Jonathan tenía 28 años cuando lo desaparecieron, es padre de tres niños; Miguel Ángel tenía 21 años, soltero y es propietario de un negocio en Texmelucan, la ciudad que ningún alcalde ha dominado.
Padres buscadores reclaman inacción de Fiscalía
Rosendo es un hombre de una sola pieza, se resiste a soltar una lágrima, pero la voz se le quiebra cuando dice que no dejará de buscar a sus hijos.
“El karma regresa y todo lo que se hace se paga en esta vida, si él sabe dónde los dejó, una llamada anónima y que nos diga. No buscamos responsables, solo que regresen estén como estén”, le dice a quien se llevó a sus hijos.
Don Julián reprocha a la Fiscalía su inacción, pues ya son casi cuatro meses desde que se llevaron a su hijo y dejaron su auto y sus dos celulares abandonados en una zona despoblada.
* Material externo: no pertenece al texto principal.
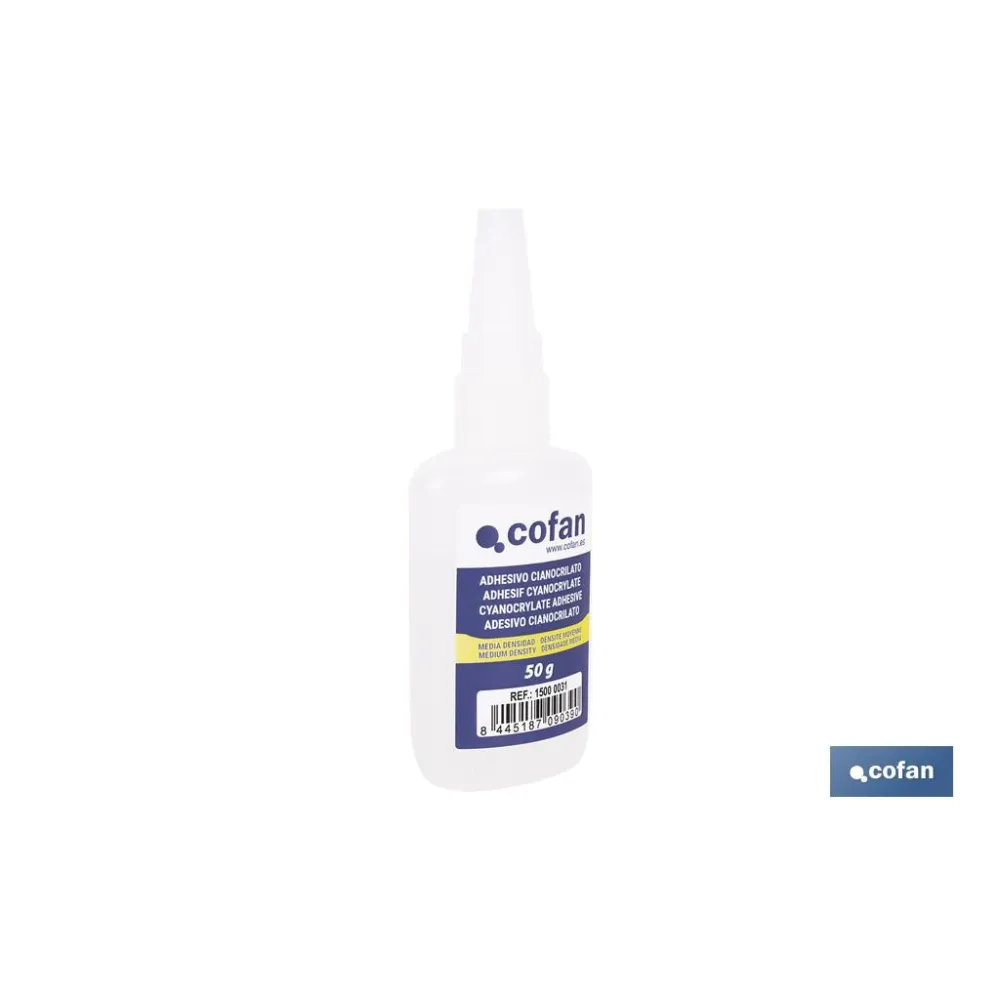 ADHESIVO CIANOACRILATO. MEDIA DENSIDAD 50 G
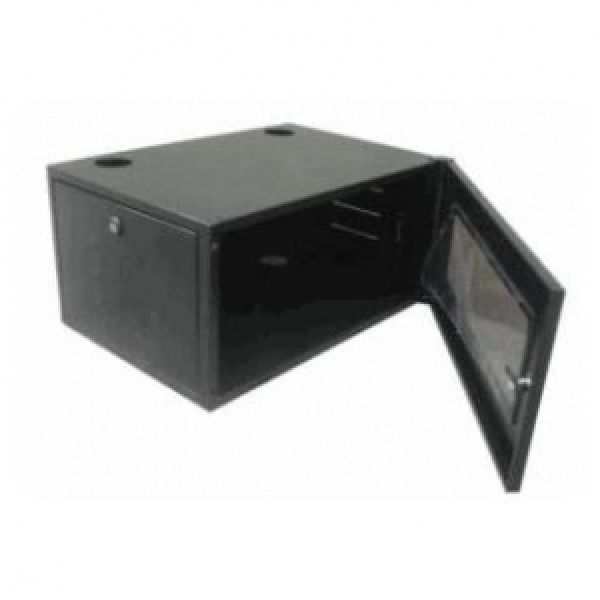 Rack Mini 19 Nazda 04U x 450mm Para Parede Preto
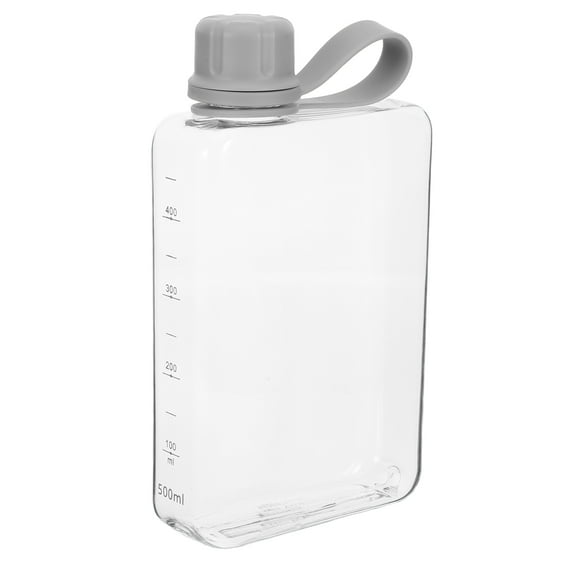 TAILTOSS portable water bottle Flat Travel Water Bottle Transparent Leakproof for Outdoor Sports 1Pcs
“La dependencia tiene guardados los teléfonos y se está dejando pasar tiempo, sin revisar si en los equipos hay un indicio de si se fue con alguien”, reprocha.
“Yo digo que les falta voluntad (al personal de la Fiscalía de Puebla), ese es su trabajo, pero son una bola de holgazanes. Y se los he dicho en las reuniones de trabajo que son holgazanes y les falta empatía”, agregó.
Entrevistados por separado, Rosendo coincide con Julián, en que el personal de la Fiscalía que los ha atendido, no tiene don de servicio ni son empáticos.
Ambos son abuelos y sufren la desaparición de sus hijos y el dolor de sus nietos al querer que sus padres estén con ellos.
“Cuando venga le voy a reclamar porque ni siquiera me ha llamado”, es lo que una niña de cinco años, su nieta, le dice a don Julián cada que le dice que su padre se fue de viaje.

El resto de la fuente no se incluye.